唐朝初期有个故事:著名的画家阎立本官位很高,当了右相,可是他自己并不满意。有一次唐太宗带领着他的大臣门在公园游玩,甚至和他的妃子们一起,让阎立本把这种盛世记录下来,结果阎立本在湖边上呆着,一边调着墨,一边调着颜料,一边画,其他的大臣都跟着皇上游园,只有他和一群工匠们画画,他感到非常的不平,因为他身居宰相之职,由于他擅长绘画,结果成了工匠了,所以回家以后,他就告诫子孙们:别学这种为人所用的技艺。

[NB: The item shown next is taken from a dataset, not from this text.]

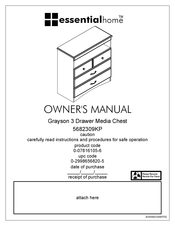 Dorel AMERIWOOD INDUCTRIES essential home Grayson 5682309KP Owner's Manual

可是中国只要念书、只要做文章,谁也离不开书法,当然不是为了专门创造书法作品,因为任何人只要有文化的,就要面临书写的问题,而且要展示自己的身份。写信给朋友、给亲戚,你看到我的信、写的字就像看到我的面目一样。
一个文人一般的不会、不可能把中国所有的技艺都学会了(画画、写字、音乐、舞蹈、雕塑、篆刻等),但是他离不开书写,书写就要把自己的学养展示出来,所以书法为什么是一种古代文人必备的修养,这是一个问题。
还有一个问题,就是中国文化是衣冠文化,中国人通过写字来展示自己的能力,来表达对每本书的感受,西方艺术(按照民国时期的说法叫“裸体文化”,因为他崇尚人体。)都是以人体为中心,素描都是拿人来画,画的很多内容都是以人为中心,来表达人的精神,为什么会这样?

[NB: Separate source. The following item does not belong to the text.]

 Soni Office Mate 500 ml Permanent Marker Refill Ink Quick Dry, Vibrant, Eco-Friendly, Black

在西方人看来,人是上帝的杰作,人的精神是通过人的身体来得到完善的,表达人的身体就是对上帝的尊重。而中国人不可能,中国是衣冠文化,是非常强调含蓄的,我们都穿着衣服,所以中国要搞一个替代的,成为人们日常都能从事的艺术对象,中国人选择了汉字,汉字是记录我们的思想的。

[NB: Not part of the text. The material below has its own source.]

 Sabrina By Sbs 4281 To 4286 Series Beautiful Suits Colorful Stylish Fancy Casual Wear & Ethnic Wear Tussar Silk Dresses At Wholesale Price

有一个著名的美学家说中国艺术的核心是中国的书法,就是通过书法的演变能够看出中国艺术、中国人的美的意识的发展演变。我是强调书法在中国人的生活中间,在中国人的观念里边所占的份量,但是理解中国的书法,每个人都有自己的层面,我刚才说了,每个人都可能理解,只是理解了自己所关注的那一部分。假如说我们把它放到中国文化的圈体中间去理解,这样不是我们每一个人都能够有时间来进行这样的探索的,所以我想从几个方面来和大家一起理解中国的书法。
一、书的体
中国的书法以汉字为基础,中国人独特的文字育成了中国书法的艺术,其他国家也有把文字的书写进行来美化的现象,但不像中国人那样把它当成一门专业来研究,这是在整个世界当中来说,具有中国或者说具有汉字文化圈才有的一门艺术,汉字在历史上发展有很多体,有五种大体:篆、隶、楷、行、草。古人曾经说过“真书如立”,就是我们写的有标准的体,就是我们每个人有标准像一样、有庄严的姿态一样;“行书如行”,就像行动一样,动起来了;“草书如走”,像跑一样,飞奔一样。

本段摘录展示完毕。